Enzum - Revolutionising battery efficiency with advanced Machine Learning forecasting
Status: Techstars
Source: Techstars
Founders: Ana Gerlich, Mary Boryslawska
Why it’s cool:
Battery efficiency will continue to be a bottleneck the same way compute is. Sure it’s more convenient today than 10 years ago to do compute, we’re less constrained locally, but globally the demand goes up. With electrification, the same thing will happen for batteries. Enzum helps us understand our batteries better, and prolong their life and prevent failure. Since new battery tech is notoriously difficult to scale from the lab to production, let’s try and make better use of the ones we have, for now.
💡 Ideas & Science
FEATHER: A Reconfigurable Accelerator with Data Reordering Support for Low-Cost On-Chip Dataflow Switching
Speeding up ML inference isn’t a small problem. Performance significantly depends on the compiler implementation, i.e., how we use the hardware at hand optimally by translating programming language to machine instructions. FEATHER is a suggested implementation of an accelerator that focuses on the reconfiguration of dataflows. Normally, the issue with doing this is that datapath reconfiguration and on-chip data layout reordering incurs a high overhead. There’s more to be explored here for sure.
Why Ukrainian defense is necessary for the security of Europe
Great speech from American historian, Timothy Snyder on how Ukraine is to Russia what Czechoslovakia was to Germany in 1938.
Can Anduril Reboot the US Defense Industry?
If you’re not familiar with Palmer Luckey, you’re in for a treat. My favorite quote is around 10:20 in:
Emily Chang: “Is it hard to poach people from tech companies?”
Palmer Luckey: “Oh no! The way to poach people from tech companies is to tell them that their career is meaningless and they’re wasting their lives on something that doesn’t matter.”
McKinsey’s “The future of European defense and security”

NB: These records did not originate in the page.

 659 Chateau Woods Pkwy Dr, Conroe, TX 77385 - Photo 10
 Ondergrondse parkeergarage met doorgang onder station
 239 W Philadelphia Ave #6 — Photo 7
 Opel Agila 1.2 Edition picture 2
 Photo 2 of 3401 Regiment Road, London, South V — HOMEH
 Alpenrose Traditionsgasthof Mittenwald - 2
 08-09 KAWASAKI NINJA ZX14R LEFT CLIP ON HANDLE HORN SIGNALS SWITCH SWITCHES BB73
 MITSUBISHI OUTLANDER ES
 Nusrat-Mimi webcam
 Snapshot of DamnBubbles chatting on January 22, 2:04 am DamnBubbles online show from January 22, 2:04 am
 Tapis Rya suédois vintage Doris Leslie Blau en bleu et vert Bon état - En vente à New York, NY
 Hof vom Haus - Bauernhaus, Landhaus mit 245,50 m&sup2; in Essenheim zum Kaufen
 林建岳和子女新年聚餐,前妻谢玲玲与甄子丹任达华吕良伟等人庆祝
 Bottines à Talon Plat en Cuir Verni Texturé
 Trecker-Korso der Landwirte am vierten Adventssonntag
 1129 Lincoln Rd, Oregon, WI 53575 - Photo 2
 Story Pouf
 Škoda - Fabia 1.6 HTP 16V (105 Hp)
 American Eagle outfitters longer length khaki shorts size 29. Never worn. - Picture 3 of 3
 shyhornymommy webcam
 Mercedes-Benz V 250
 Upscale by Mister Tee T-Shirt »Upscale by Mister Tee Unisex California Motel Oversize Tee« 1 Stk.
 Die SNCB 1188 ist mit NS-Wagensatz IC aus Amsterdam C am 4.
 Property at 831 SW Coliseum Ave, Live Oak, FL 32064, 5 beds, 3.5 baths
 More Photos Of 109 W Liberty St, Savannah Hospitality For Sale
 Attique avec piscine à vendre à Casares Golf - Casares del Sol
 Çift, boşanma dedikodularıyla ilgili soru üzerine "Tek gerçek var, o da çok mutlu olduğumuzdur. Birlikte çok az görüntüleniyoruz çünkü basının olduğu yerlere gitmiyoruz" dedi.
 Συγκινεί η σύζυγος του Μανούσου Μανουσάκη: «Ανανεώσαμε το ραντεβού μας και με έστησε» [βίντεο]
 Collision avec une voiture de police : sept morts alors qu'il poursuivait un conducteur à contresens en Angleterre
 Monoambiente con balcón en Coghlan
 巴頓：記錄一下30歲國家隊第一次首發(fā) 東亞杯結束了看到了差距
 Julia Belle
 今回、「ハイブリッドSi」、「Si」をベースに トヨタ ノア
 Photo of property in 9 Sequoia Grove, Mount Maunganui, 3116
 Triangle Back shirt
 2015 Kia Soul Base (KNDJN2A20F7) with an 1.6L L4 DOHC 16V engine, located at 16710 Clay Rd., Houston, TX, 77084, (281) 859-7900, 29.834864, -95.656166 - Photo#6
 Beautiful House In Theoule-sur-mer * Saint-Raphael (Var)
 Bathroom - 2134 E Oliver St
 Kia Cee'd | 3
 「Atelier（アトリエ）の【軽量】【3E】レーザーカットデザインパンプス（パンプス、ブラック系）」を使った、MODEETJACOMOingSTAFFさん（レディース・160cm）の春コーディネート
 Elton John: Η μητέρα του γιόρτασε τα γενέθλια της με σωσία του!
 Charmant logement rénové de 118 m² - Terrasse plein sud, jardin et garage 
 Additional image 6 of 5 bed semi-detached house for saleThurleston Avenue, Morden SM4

From the Firm who brought us the opioid crisis in the US, here’s a paper for the defense industry in Europe! Only half-kidding, and friend-bashing, but can do some solid analysis. Defense spending is increasing across Europe and NATO, but is it enough? They look at the impact of the peace-time significantly reduced spending on capabilities and changes upcoming because of the increase budgets. One issue is fragmentation across procurement and development. Europe has a very different approach to types of systems than the US, as seen below. Not that it is necessarily much better in the US, with the Lockheed Martin F-35a and F-22 not being able to communicate directly with each other.